- _EXERCISE OBJECTIVE_
Print out the data precisely as it appears here, with no pictures.

== RECORDED INFORMATION

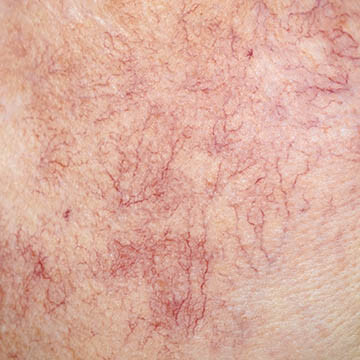 Erythematotelangiectatic Rosacea Photo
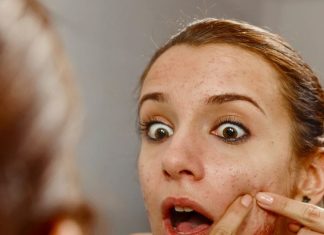 Which vitamin deficiency cause pimple, चेहरे पर पिंपल्स का कारण विटामिन की कमी जानें और समाधान.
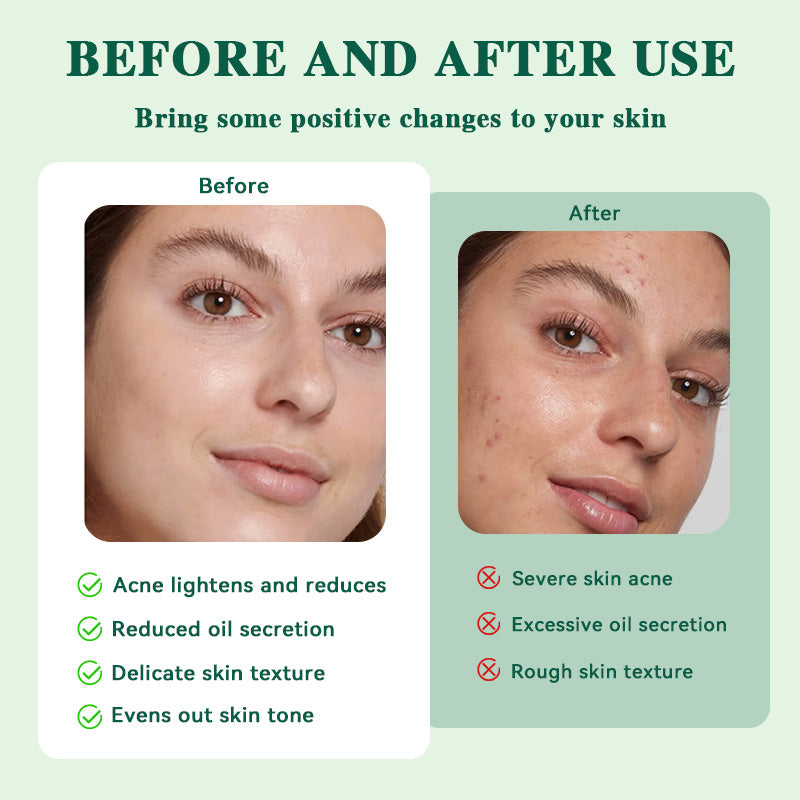 The Miracle Starter Kit (Original)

====

- _EXERCISE RESULT_
 Erythematotelangiectatic Rosacea Photo
 Which vitamin deficiency cause pimple, चेहरे पर पिंपल्स का कारण विटामिन की कमी जानें और समाधान.
 The Miracle Starter Kit (Original)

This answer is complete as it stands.